I would pressure wash first to remove the obvious peeling paint

i would then apply a stripper with sodium hydroxide and let it sit a bit 

PW it off and lightly sand areas as needed

There is no miracle IMO- if its massive with spindles etc- going to take time

charge accordingly


----------



## Damon T (Nov 22, 2008)

If hidden fasteners you can rent a floor sander.


----------



## Hines Painting (Jun 22, 2013)

Latex is a bear to strip. Hope you charged enough.


----------



## PressurePros (May 6, 2007)

Hines Painting said:


> Latex is a bear to strip. Hope you charged enough.


Just factoring floor square footage but including spindles I charge $11/s.f to remove latex solids and it still isn't enough.

Your best best for fast removal is to use an industrial coatings remover (non caustic). If you already bid and won the project, I doubt you built in enough money to use those though. ($7.50 per s.f in just chem cost.. and if you have rails, you generally have double the s.f of the floor.) Your only other option is to go nuclear strength (something like HD-80 fortified with butyl and sodium metasilicate). Plan on accidentally stripping window and door paint as well as browning out any nearby plant life. 

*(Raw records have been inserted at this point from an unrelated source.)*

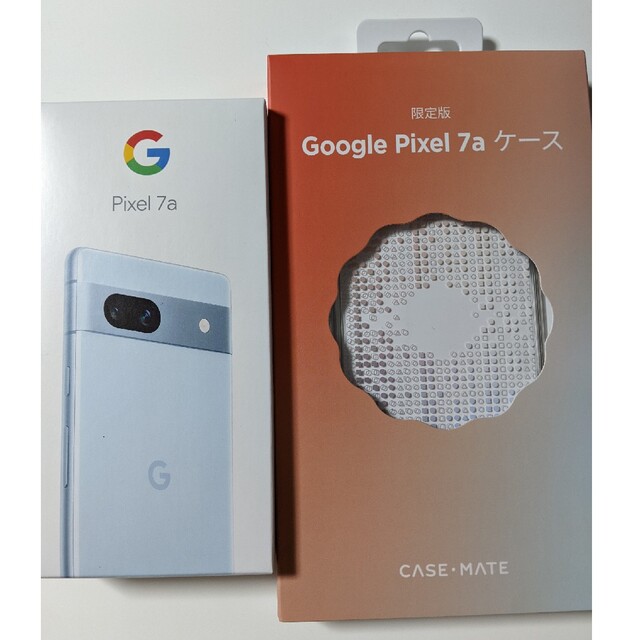 スマホ/家電/カメラGoogle Pixel 7a Sea 128 GB（SIM フリー）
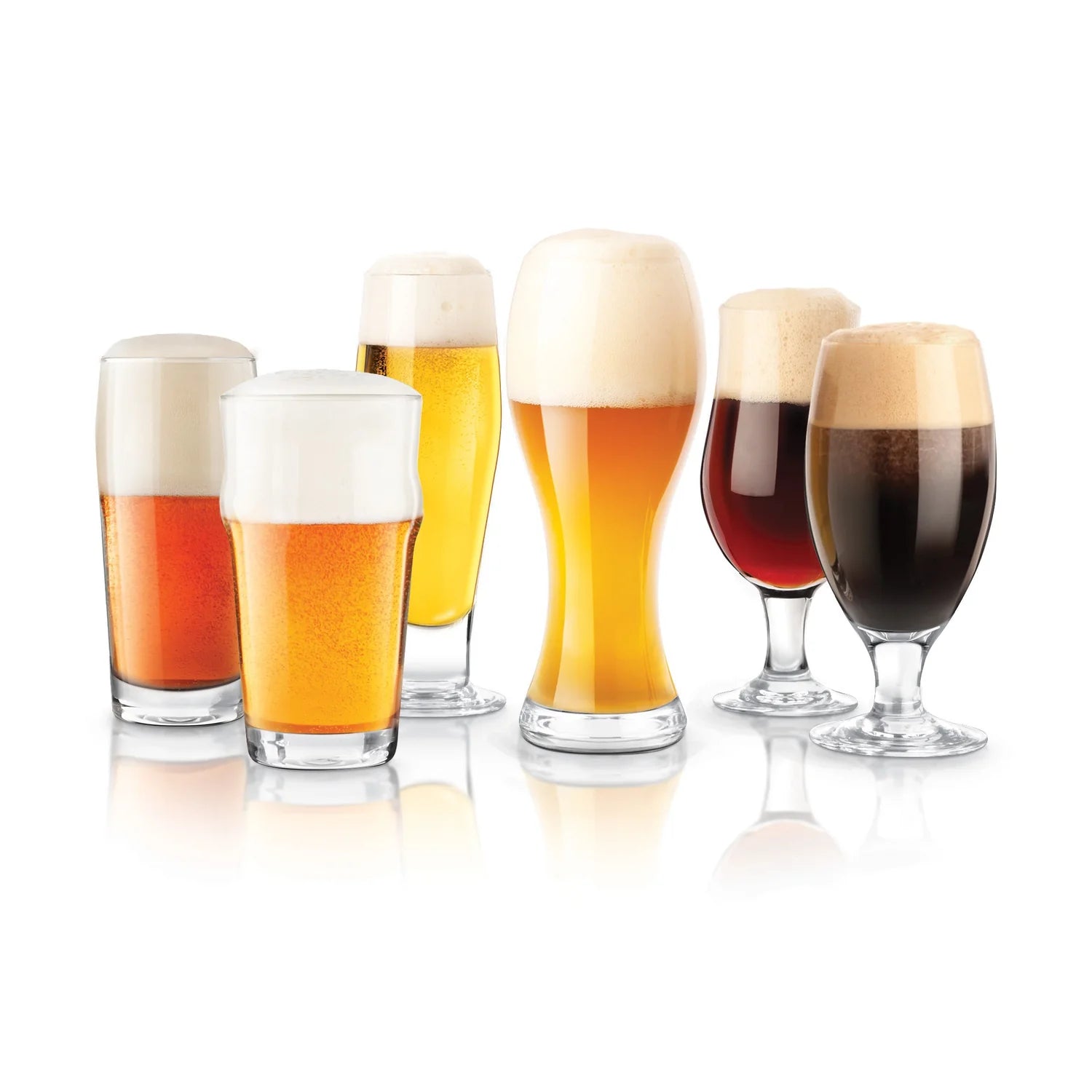 Aspiring Connoisseur Beer Tasting Set, 7 Pieces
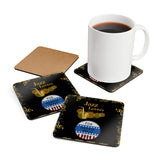 Jazz Lovers For Harris-Walz - coaster set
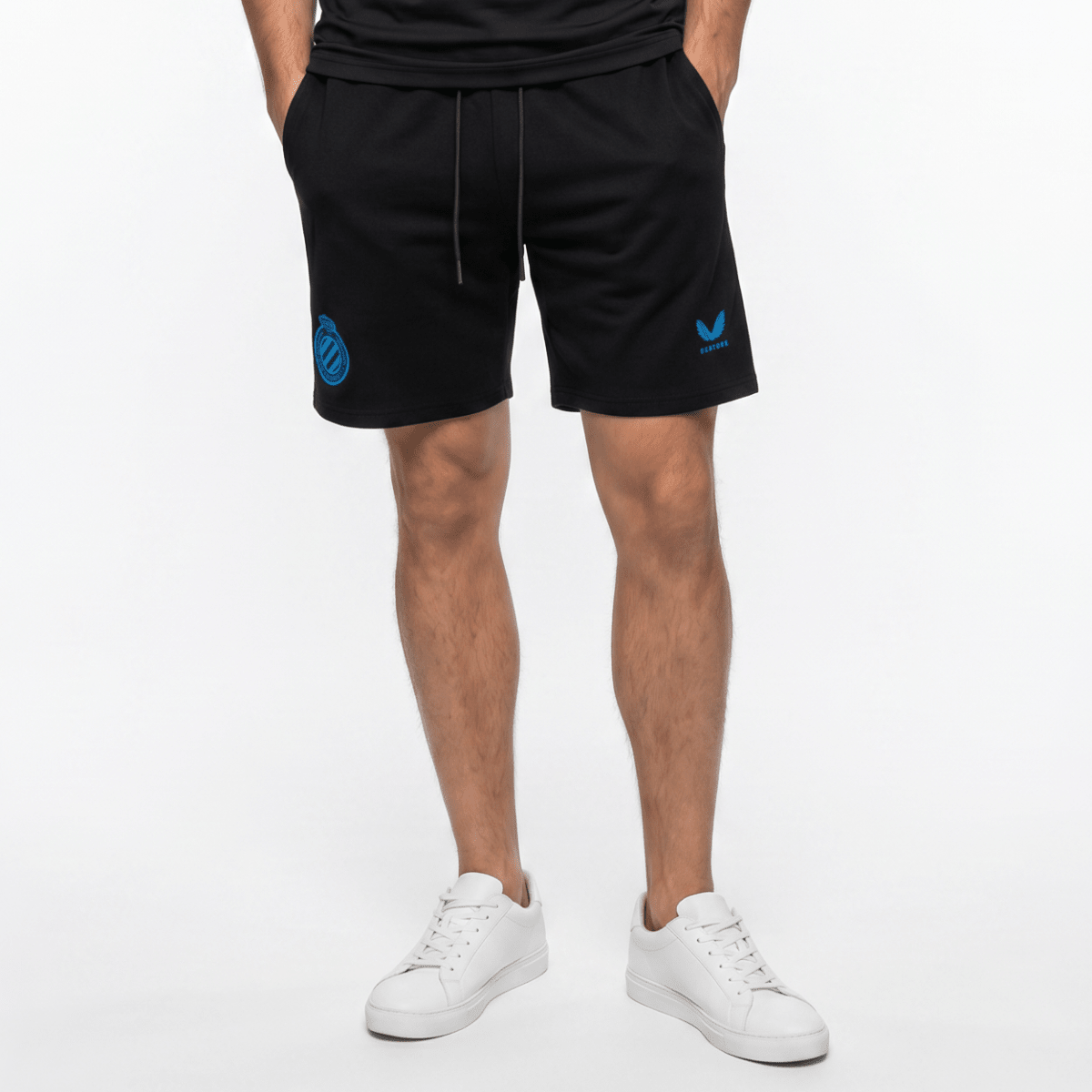 Travel Shorts Zwart 26/27 - Club Brugge Shop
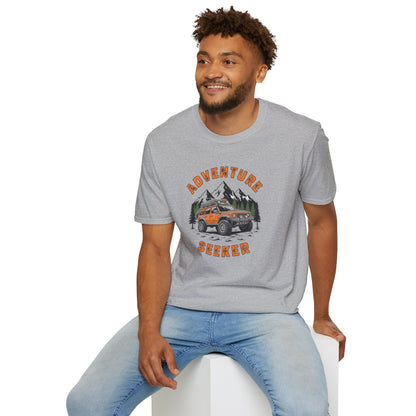 Adventure Seeker, UnisexT-Shirt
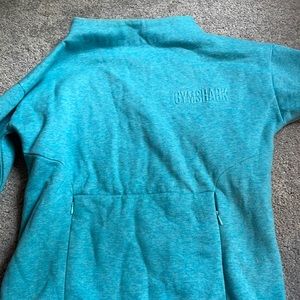 Gymshark turtle neck sweatshirt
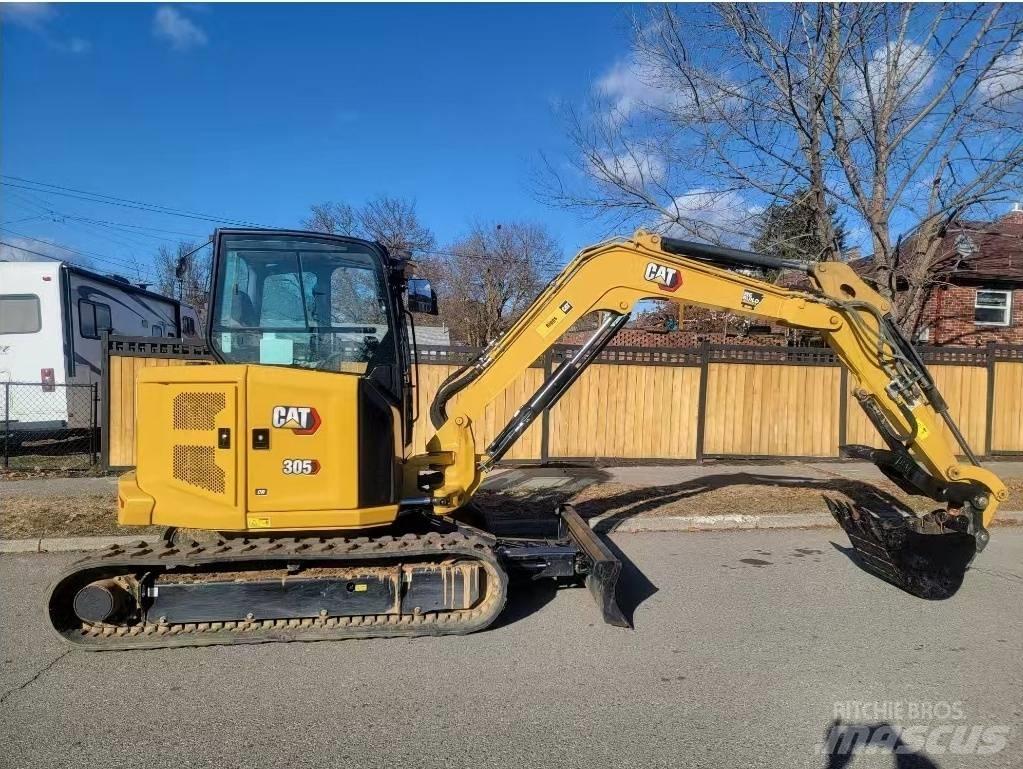 CAT 305 CR Minibagger < 7t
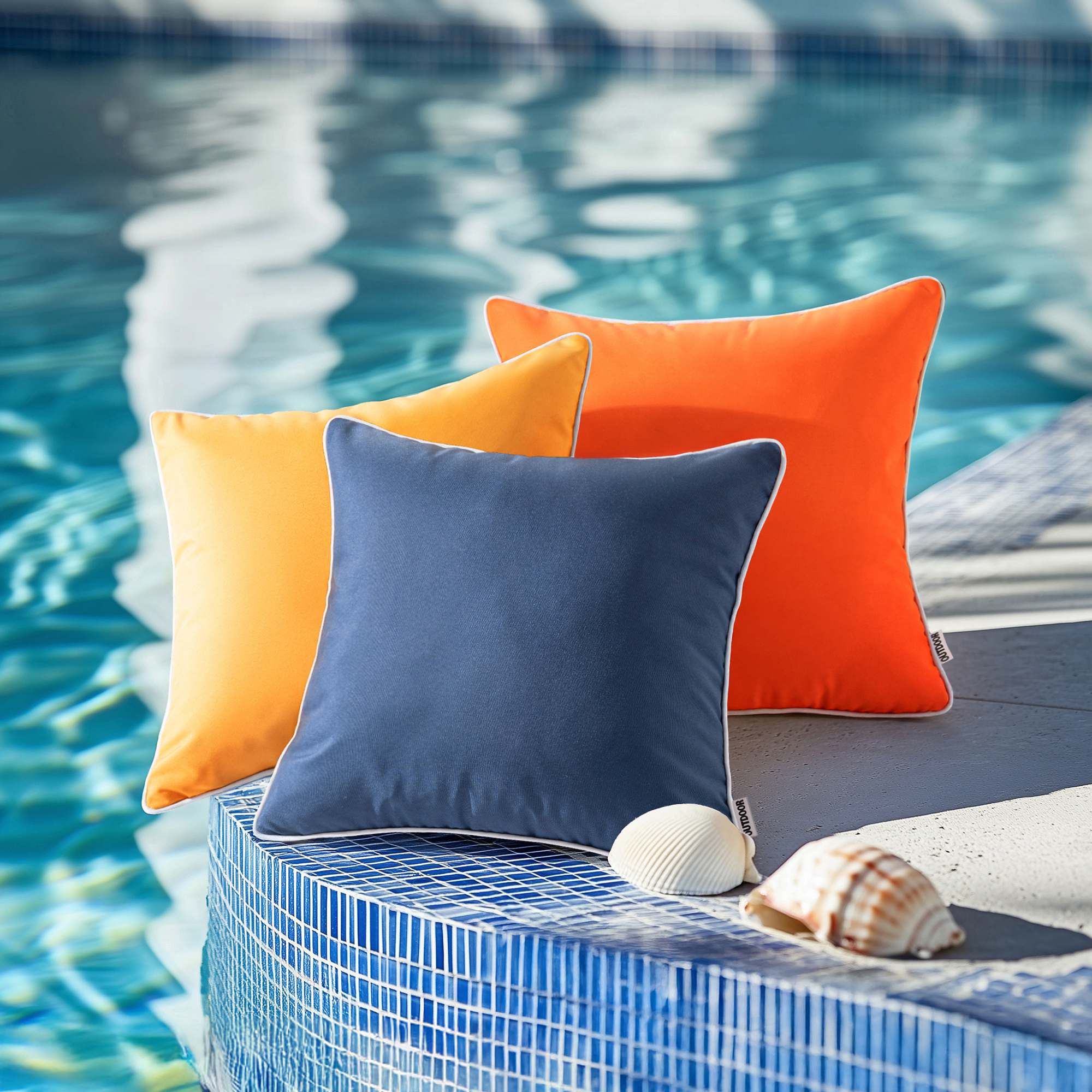 Set of 2 Outdoor Waterproof Pi - Pillow Insert 18X18 ulasan dan harga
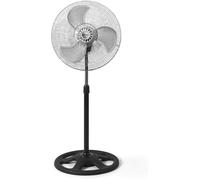 Pws 0547 Ventilateur 3-En-1 (Sur Table,Sur Pied Et Mural),3 Vitesses,Oscillant,Poignée De Transport,Grille De Protection,Pale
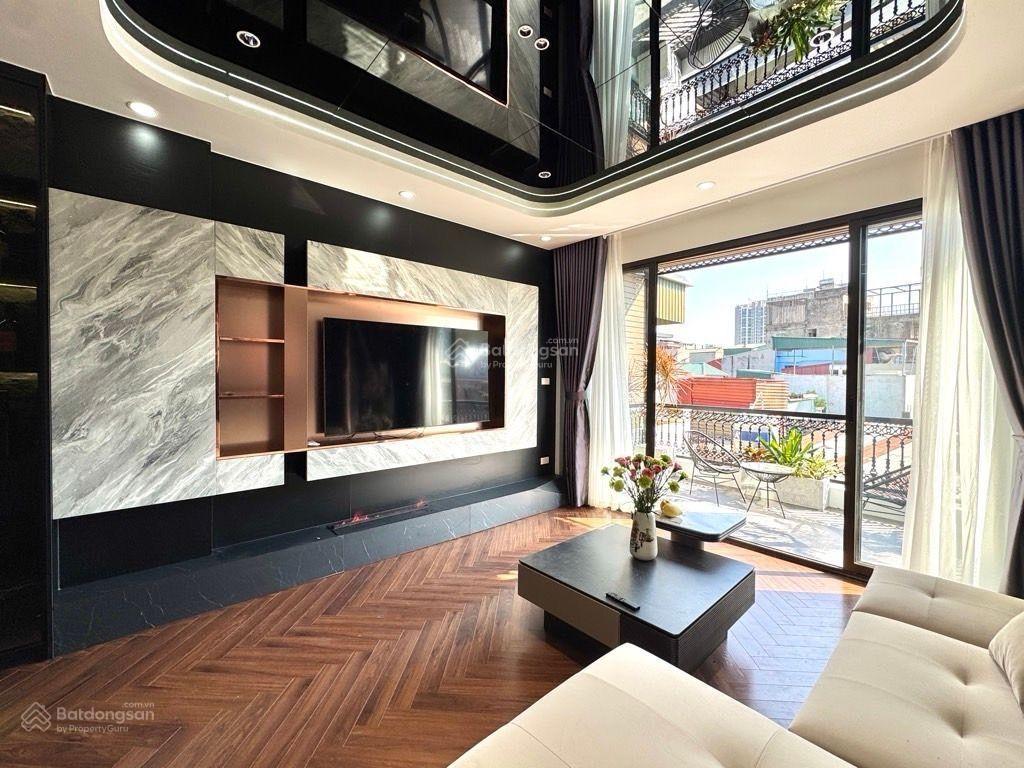 Giáp nhị  65m2 x5 tầng thang máy  lô góc  an sinh tốt  tiền ích đầy đủ  chỉ hơn 13 tỷ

If you plan on using a store bought stripper and that solid is intact on rails, you may as well go to homeowner now and save yourself days and countless trips to this project and suggest a scrape, wash, recoat solid. If you have no rails, I would just sand.


----------



## Joseph (Aug 26, 2013)

Ya I ended up bidding a little low and only averaged a net profit of $25hr to strip the deck. I ended up going a bit overkill with the stripper. Mopped it on with a big mop and bucket then scrubbed with a hard brush and lightly power washed everything. Overall it wasn't very fun. Went with a solid re-coat to make it easy. 


https://www.calgarypropainting.com/blog/index.php


----------



## ExcelPaintingCo (Apr 16, 2011)

Joseph said:


> Ya I ended up bidding a little low and only averaged a net profit of $25hr to strip the deck. I ended up going a bit overkill with the stripper. Mopped it on with a big mop and bucket then scrubbed with a hard brush and lightly power washed everything. Overall it wasn't very fun. Went with a solid re-coat to make it easy. https://www.calgarypropainting.com/blog/index.php


 I'd be very happy with $25 net profit per man hour. Did you neutralize and sand prior to re-staining?


----------



## Hines Painting (Jun 22, 2013)

ExcelPaintingCo said:


> I'd be very happy with $25 net profit per man hour. Did you neutralize and sand prior to re-staining?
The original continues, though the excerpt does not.